# hi - returning



## da-mazzda-007 (Jan 12, 2012)

hi i registered a few years ago when i first got diagnosed with type 1 and since then have tried to forget i have insulin completly. now i have a daughter and another on the way i think its timei took my life in my hands again and tried to prolong the inevetable...


----------



## ypauly (Jan 12, 2012)

Hello and welcome back


----------



## Steff (Jan 12, 2012)

Good choice Mazzada, welcome back onboard x


----------



## margie (Jan 12, 2012)

Welcome back to the forums - your previous time here was before I joined. Hope we can help you attain your goals.


----------



## novorapidboi26 (Jan 12, 2012)

Welcome back.............

How has your control been?

You managed a child which is a good sign..........


----------



## Robster65 (Jan 12, 2012)

Hi Mazzda. Welcome back.

Better to see the last couple of years as 'getting away with it' and draw a line under it.

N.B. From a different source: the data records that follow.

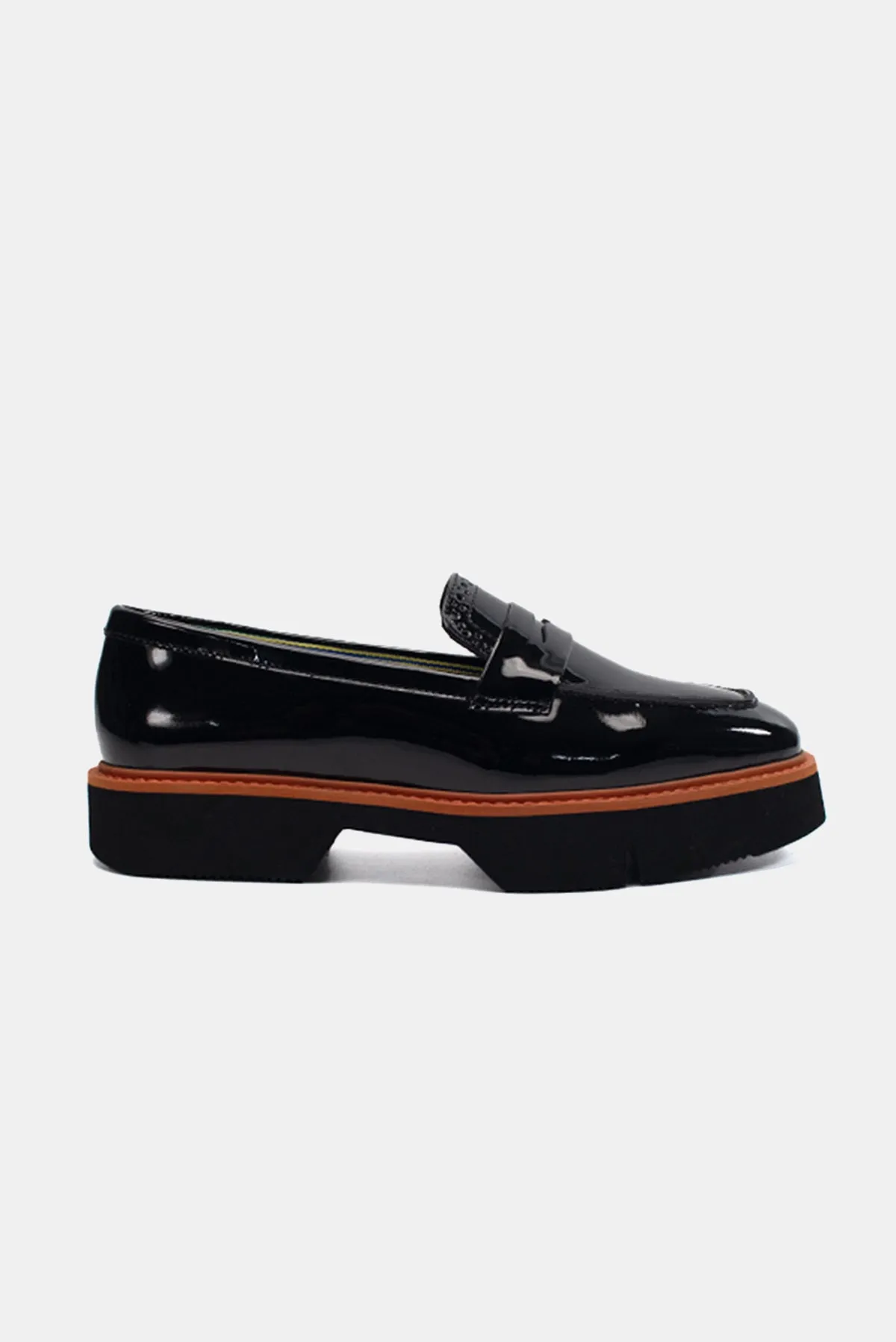 Loafers For Linen Pants Nash Loafers - Orange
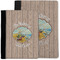 Lake House Notebook Padfolio w/ Name or Text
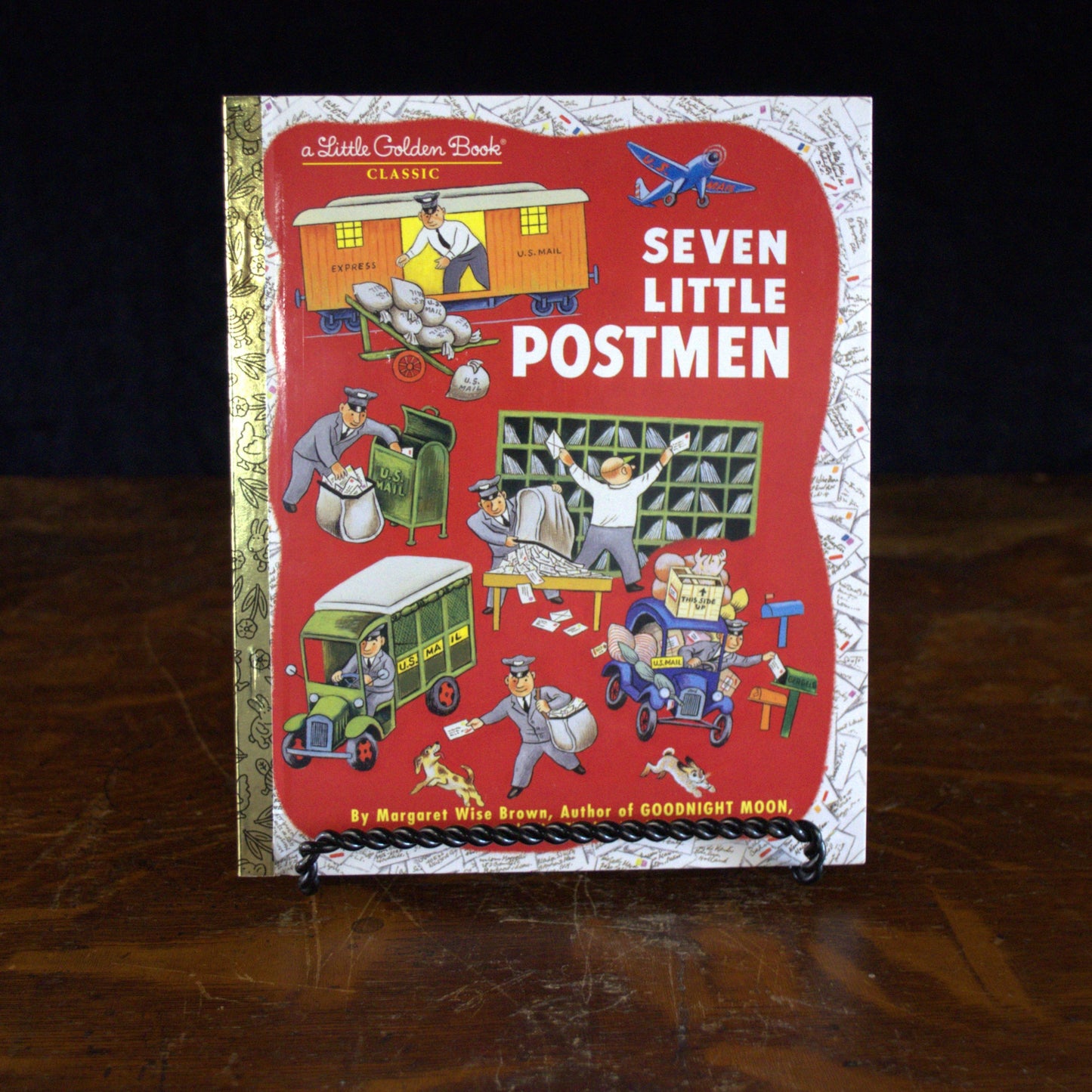 Seven Little Postmen Book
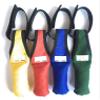 DOGS and MORE Bringsel for Rescue Dogs - Indication Dummy for Alert Training - Handmade in Germany - Hook-and-Loop Collar Attachment - Yellow view 3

Then start afresh as if you were newly diagnosed. Something many of us have done at some point.

Would you be willing to keep a diary of all your food intake and do several blood tests per day to see what sort of control you have ?

Then you could tweak your insulin where needed to bring your BGs into the 'normal' range as much as poss. Better done over a week or two rather than try to suddenly snap into line.

Rob


----------



## da-mazzda-007 (Jan 12, 2012)

thanks guys..

yea i managed a child and a second 1 straight after 

as for insulin etc i havent been taking it even though i keep getting told off and now i dont no were to start. i have burned all bridges with diabetic hospital as i kept missing appointments. last time i saw my doc my hba1c was 16.2 and got a right bolockin. opticians have said i have background retinopathy so i have to wear glasses .


i have not been taking my insulin for well over a year but i was on levimere and humalog. can any1 tell me which is the fast and which is the slow and how much i should be taking a day???


thanks nick


----------



## margie (Jan 12, 2012)

Levemir is a background insulin and humalog is fast acting. If you haven't taken any in  a year you should talk to your GP and check that dates on the insulin you have to ensure they have not expired.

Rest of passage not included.